In de zaak van het openbaar ministerie tegen de verdachte, geboren in 1993 te [geboorteplaats], heeft de rechtbank Noord-Nederland op 7 september 2021 uitspraak gedaan. De verdachte was aangeklaagd voor medeplegen van poging tot zware mishandeling en openlijke geweldpleging, gepleegd op 7 maart 2021 in Leeuwarden. De tenlastelegging omvatte het toebrengen van zwaar lichamelijk letsel aan het slachtoffer, waarbij de verdachte samen met anderen zou hebben geslagen en geschopt. De officier van justitie vorderde een onvoorwaardelijke gevangenisstraf van zes maanden, onderbouwd door camerabeelden die de rol van de verdachte in het geweld zouden aantonen.

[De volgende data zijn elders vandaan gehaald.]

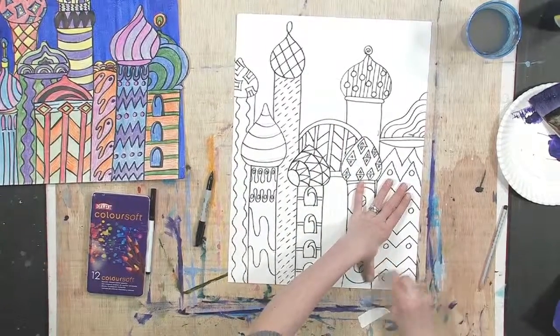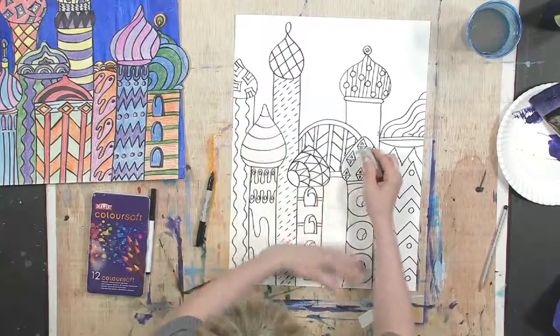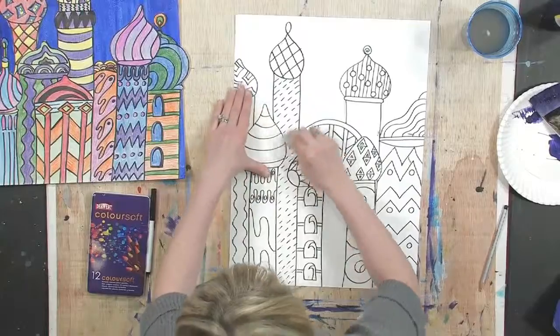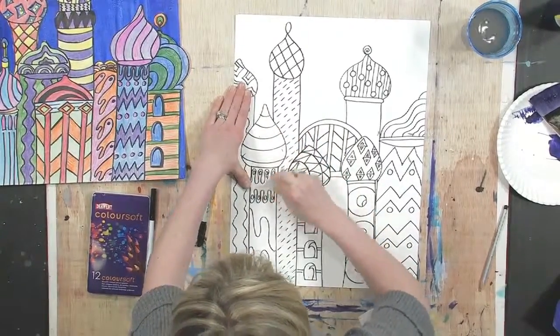We want this to look our absolute best, so let's do some erasing in the obvious places where we changed our mind when we did it over with the Sharpie. I'm getting excited about this — I think they're going to look great.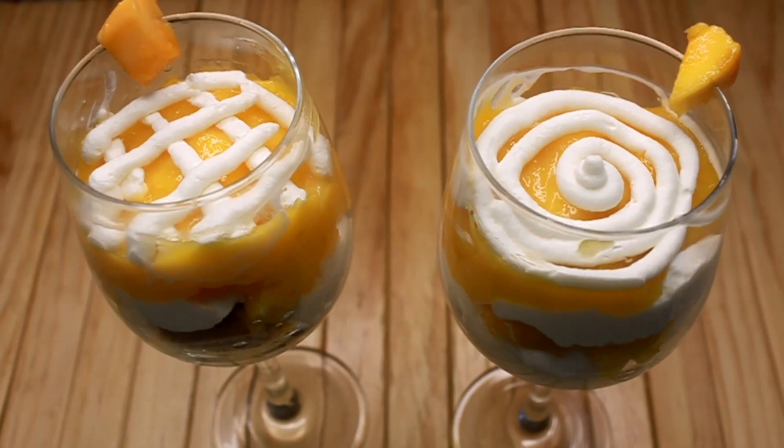Alhamdulillah, the mango dessert has already been made. It has been made in a very short time. Try it at home. It is a very simple mango recipe. Share this recipe and subscribe to my channel. Thank you. Allah Hafiz.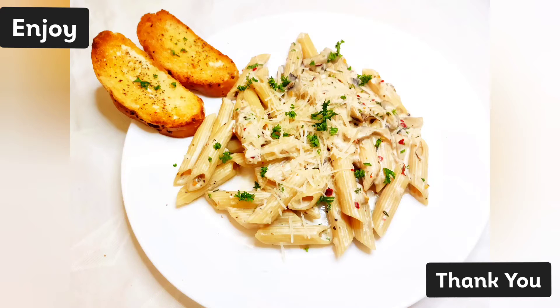And here you go! I hope you like the recipe. Do try it by yourself and let me know your questions and experience in the comment section below. Thank you and enjoy!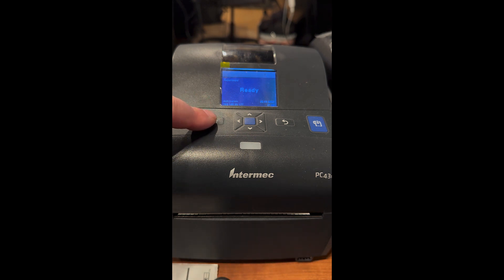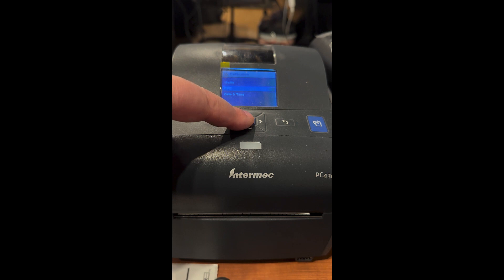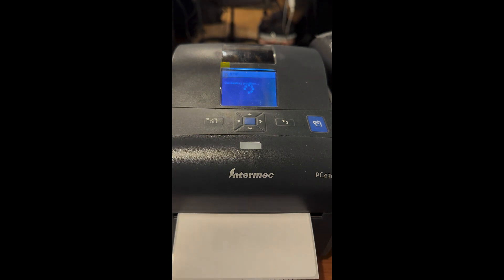In order to do that on the PC43D, we're going to hit the home button, go down to Wizard, go down to Calibration, pick RFID, and hit the center button. It's enabled, and we're going to make sure that the RFID media is there. We'll hit the blue button again and now it's going to start printing out labels for the calibration mode.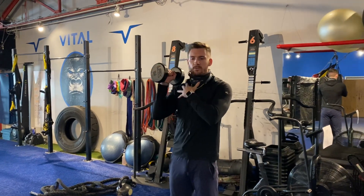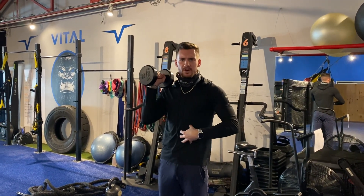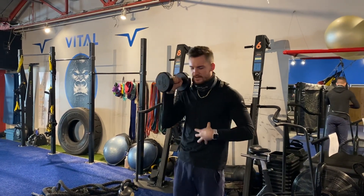Into a standing single arm shoulder press. I'm holding the dumbbell right over my shoulder. My opposite hand is on my core. Think of this more like a trunk exercise rather than a shoulder exercise.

De verdediging betoogde echter dat de camerabeelden anders geïnterpreteerd konden worden en dat de verdachte enkel had geprobeerd de ruzie te sussen. De rechtbank oordeelde dat de beelden geen overtuigend bewijs boden voor de betrokkenheid van de verdachte bij het geweld. De rechtbank concludeerde dat er onvoldoende bewijs was om de verdachte te veroordelen voor de tenlastegelegde feiten. Daarom sprak de rechtbank de verdachte vrij van zowel het primair als het subsidiair ten laste gelegde.
Daarnaast werd de vordering tot tenuitvoerlegging van een eerdere voorwaardelijke straf afgewezen, aangezien de verdachte was vrijgesproken. De rechtbank hefte het geschorste bevel tot voorlopige hechtenis op en wees de vordering tot tenuitvoerlegging van de voorwaardelijke straf af. De uitspraak werd gedaan door een meervoudige kamer, waarbij mr. N.A. Vlietstra als voorzitter fungeerde, en de andere rechters mr. K.A. de Groot en mr. M.E. Joha aanwezig waren.